First of all, refusing to remain silent is prophylaxis. When a person talks to those near them about the sexual violence they have suffered, they are not just seeking out support and comfort. They are warning people and letting them know how to protect their bodies from being abducted, choked, beaten, punched, slapped and penetrated against their will. It is rare for sexually violent people to target only one individual in the course of their careers of violence. Sexually violent individuals are no different than lethal pathogens insofar as they endanger the physical health of whole communities when everyone is silent about the risk they pose. In this way, SILENCE=DEATH requires no reframing, no translation to move from the sphere of sexually transmitted disease to the sphere of social violence.
To speak about one’s assailant is to protect potential targets of the individual’s violence. That is why it is so important for predators to conscript those they assault into burnishing their reputations. And that is why the social norms that function to enable this kind of social violence exert such pressure on victims not only to remain silent but to allay the fears of those who begin to suspect that their assailant might be a dangerous individual.
Second, refusing to remain silent is to think aloud, to analyze, to comprehend. Media and popular entertainment constantly reinforce the idea that people who are compulsively driven to perpetrate violence are reclusive, remote, obviously creepy single men with few associates and little family. When we make the conversation about human predation a wider, more comprehensive one, what we often find is not that progressive, charming, erudite, attractive, intelligent men are not the exception but the rule. The fact is that a successful career in sexual violence is one that requires highly complex and sophisticated social action in which whole social circles and discourse communities are manipulated.
Our image, so often, of rapists and violent men are of those who have been caught, either because they never developed the ability to manipulate social realities around them to permit a long-running career of violence or because something has happened that has caused this ability to deteriorate. In this way, our image of the human predator is that of one who is in the process of losing his mojo or who never had it at all. And, unless we commit sociology, our image of these individuals will be those who dementia, cockiness, madness or a loss of self-control has deprived of the ability to silence those around them. And that image serves those who are at the top of their game very well indeed. They are only too happy to make sure that our eyes are trained on dishevelled men in stained clothes, driving dented and dilapidated vehicles.

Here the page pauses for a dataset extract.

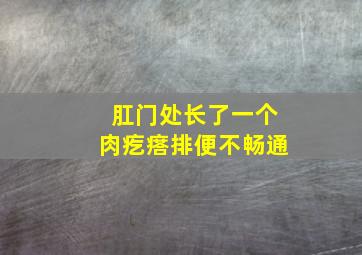 肛门处长了一个肉疙瘩排便不畅通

Indeed, this is how we are meeting Jian Ghomeshi and Bill Cosby, men thrown off their game by cockiness and dementia. If we really overcame the dynamics that silence us, we could ask more frightening and important questions. In particular, we could ask what does a sexually violent person look like when they are at the top of their game, and how is that different from how they look when sloppiness and ill health finally bring them low? What does a successful predator look like and what does such a person hide behind? What tools might they use to maintain a field of silence around them? A public image whose destruction might set back a minority community? An important charitable or political project that might not survive their public humiliation? Unremunerated labour used to provide for the old, the sick, the dying? Financial generosity extended to desperate and damaged people?
Third, refusing to remain silent is to organize and take responsibility and to exhort others to do the same. We cannot organize against social evil unless we can name, understand and debate it.